● DATA EXTRACT
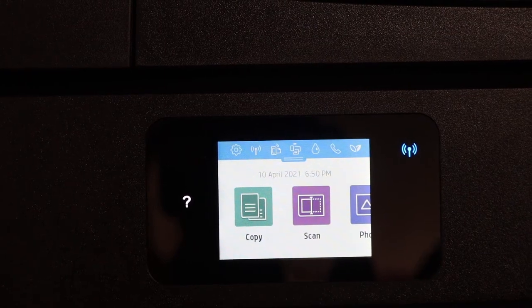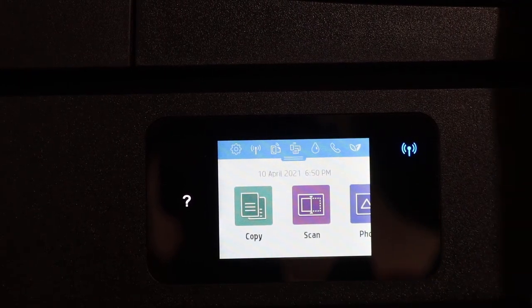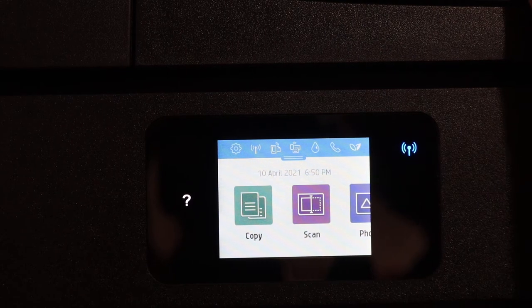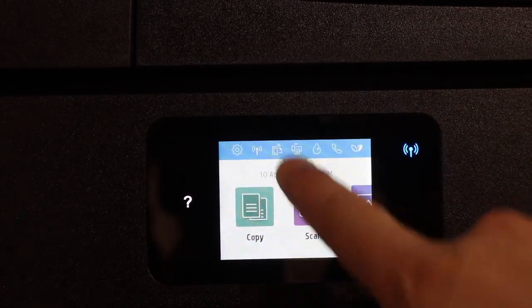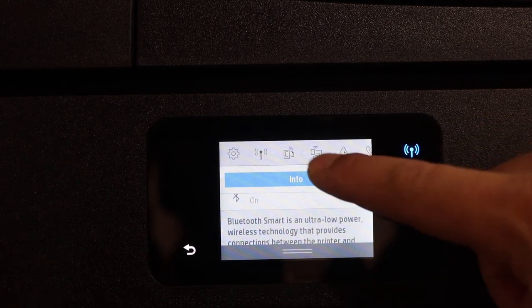This video is regarding the HP ENVY 7855 printer. I'm going to show you how to find the password. Switch on the printer, go to the display panel, scroll down the top bar, and select the Wi-Fi Direct icon.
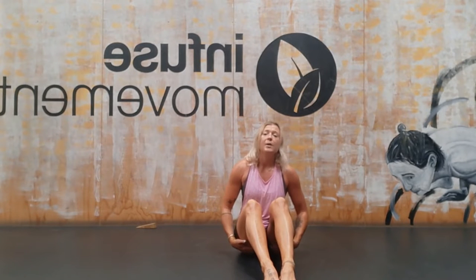Our hip joint is a ball and socket joint, it's not a hinge joint. So if we keep practicing sitting in chairs like this, we're teaching our hip joint that it is a hinge, not a ball and socket joint. So therefore we're getting really tight quadriceps, hamstrings, psoas muscles and also hip flexors.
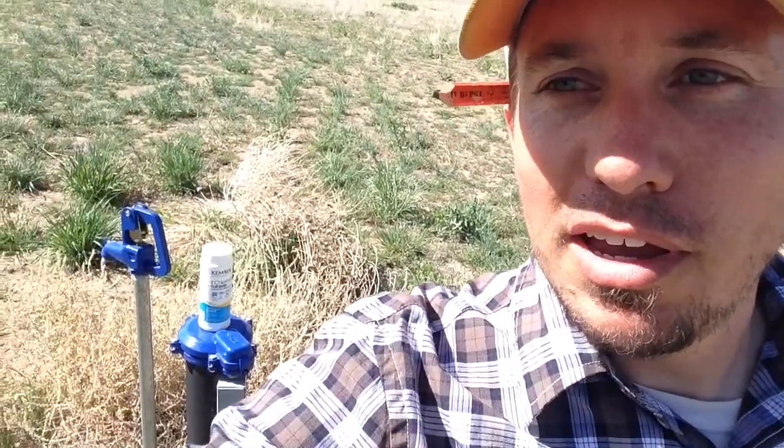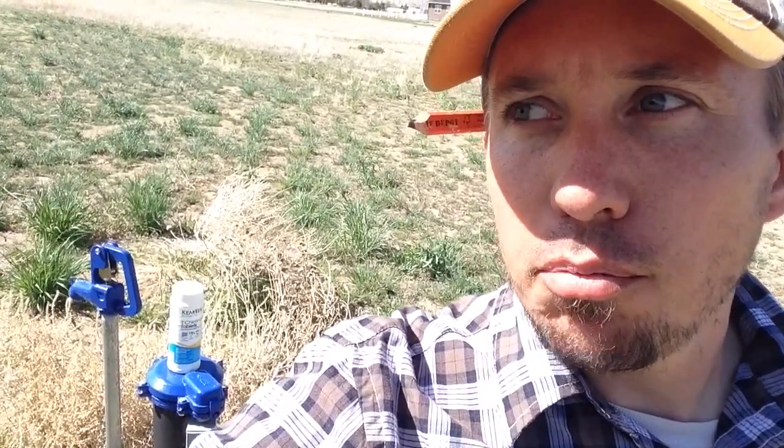I want to show you guys something having to do with wells. You can see behind me is the well head for this house, and the problem is they've got a smell coming from their water — basically a rotten egg, sulfury smell that you'll notice either when you're drinking the water because it's close to your nose, or especially when you shower, when it gets warm, it's a little more pungent.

● REQUIRED ACTION
Excluding the images, copy all of the material above verbatim.

● WRITTEN ANSWER
This video is regarding the HP ENVY 7855 printer. I'm going to show you how to find the password. Switch on the printer, go to the display panel, scroll down the top bar, and select the Wi-Fi Direct icon.
Our hip joint is a ball and socket joint, it's not a hinge joint. So if we keep practicing sitting in chairs like this, we're teaching our hip joint that it is a hinge, not a ball and socket joint. So therefore we're getting really tight quadriceps, hamstrings, psoas muscles and also hip flexors.
I want to show you guys something having to do with wells. You can see behind me is the well head for this house, and the problem is they've got a smell coming from their water — basically a rotten egg, sulfury smell that you'll notice either when you're drinking the water because it's close to your nose, or especially when you shower, when it gets warm, it's a little more pungent.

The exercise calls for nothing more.